Thursday, October 01, 2009

"In Harm's Way" by Martin Bell [4]

Chapter 2: Peacekeepers Accomplices

Bell was obviously quite impressed by his two new peacekeeper friends and allies, particularly General MacKenzie ("Lew"), whom Bell describes as a man of action ill-suited for the sort of desk work he was originally assigned to when sent to Bosnia on a UN peacekeeping mission just prior to the outbreak of war. The time for diplomacy having passed, MacKenzie was out in the field directing the work of humanitarian relief the best he could; the reader can guess that his subsequent experience negotiating with militias at roadblocks on behalf of beleaguered supply convoys might well have colored his experience in Bosnia.

Bell describes the war at this point as "unstoppable," a point I might wish to debate, then moves on to an anecdote which made quite an impression on him and I think it is safe to assume on his buddy "Lew." Namely, the violence surrounding the evacuation of the Serb forces under General Kukanjac from the barracks in Sarajevo as part of a deal to win the release of President Izetbegovic, who had been kidnapped at the airport by Serb forces.

It's a well-known story to anyone who followed the war; as is known, Bosnian Government forces carried out an ambush on the fleeing Serb soldiers in violation of the deal the UN (under MacKenzie) had brokered. Bell goes on to list the lessons about war reporting he gained from this experience.

Lesson number one--"stay with it." Bell missed the worst of the the ambush because he was away filing a story for a deadline. Enough said, for our purposes.

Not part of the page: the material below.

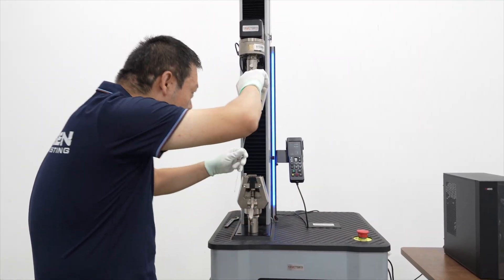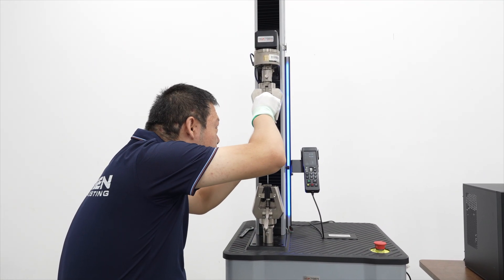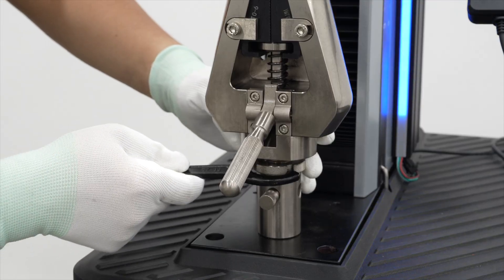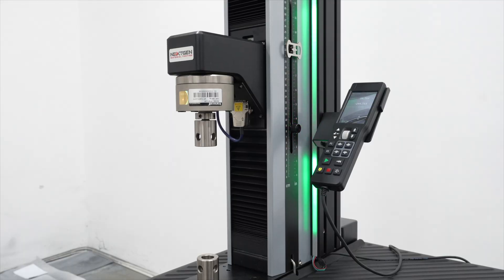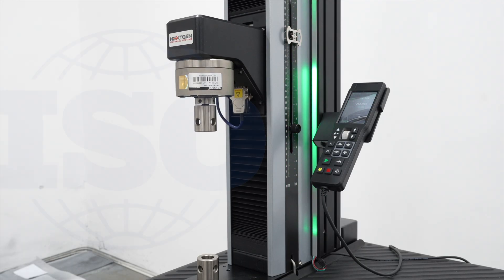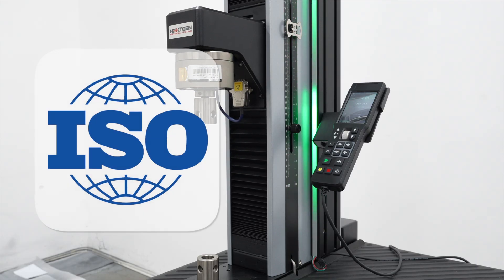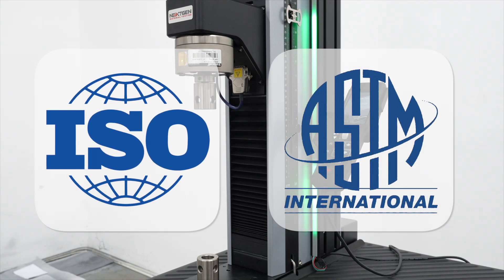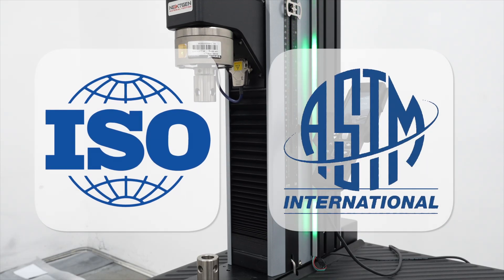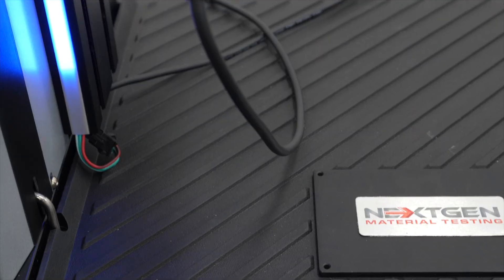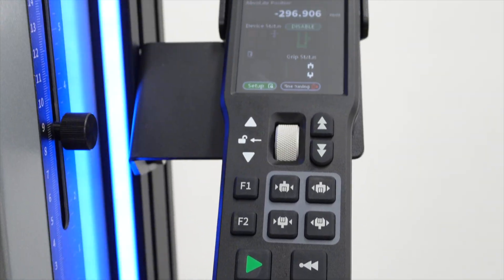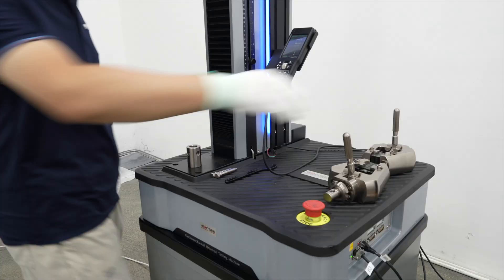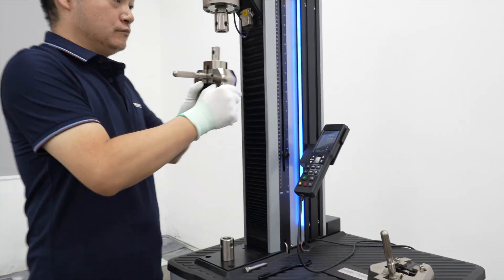Direct drive servo system delivering high stiffness, fast response, and perfect position accuracy with strict compliance to industry standards including ISO, DIN, and ASTM. Features precision load cells, high-resolution encoder, and quick-change grip fixtures for versatile testing.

Lesson number two--"the department of preconceived notions was alive and well and living in distant newsrooms." In short, because up until now the news from Bosnia had been stories of Serbs slaughtering Muslims, Bell found himself in some difficulty explaining that this extremely bloody incident was an example of a large number of Serbs being killed by (mostly) Muslims. Bell felt this issue put the previously unambiguous conflict in a new light, since "Serbs can be victims too" as he told his superiors back in Britain. Yet the equivalence between what he saw in the Drina valley--unarmed civilians being driving by violence and terror from their homes--and this unfortunate incident--the ambush of soldiers who had been surrounded and trapped within government territory until the kidnapping of their President won the release of those enemy troops, cannot be taken too far. I don't wish to dismiss the lives of those Serb soldiers who were ambushed and killed; but the situation was rather unique and not at all a parallel to the systematic campaign of ethnic cleansing Bell had been witness to. While I admire his genuine feeling for the victims of war, his analysis here is superficial.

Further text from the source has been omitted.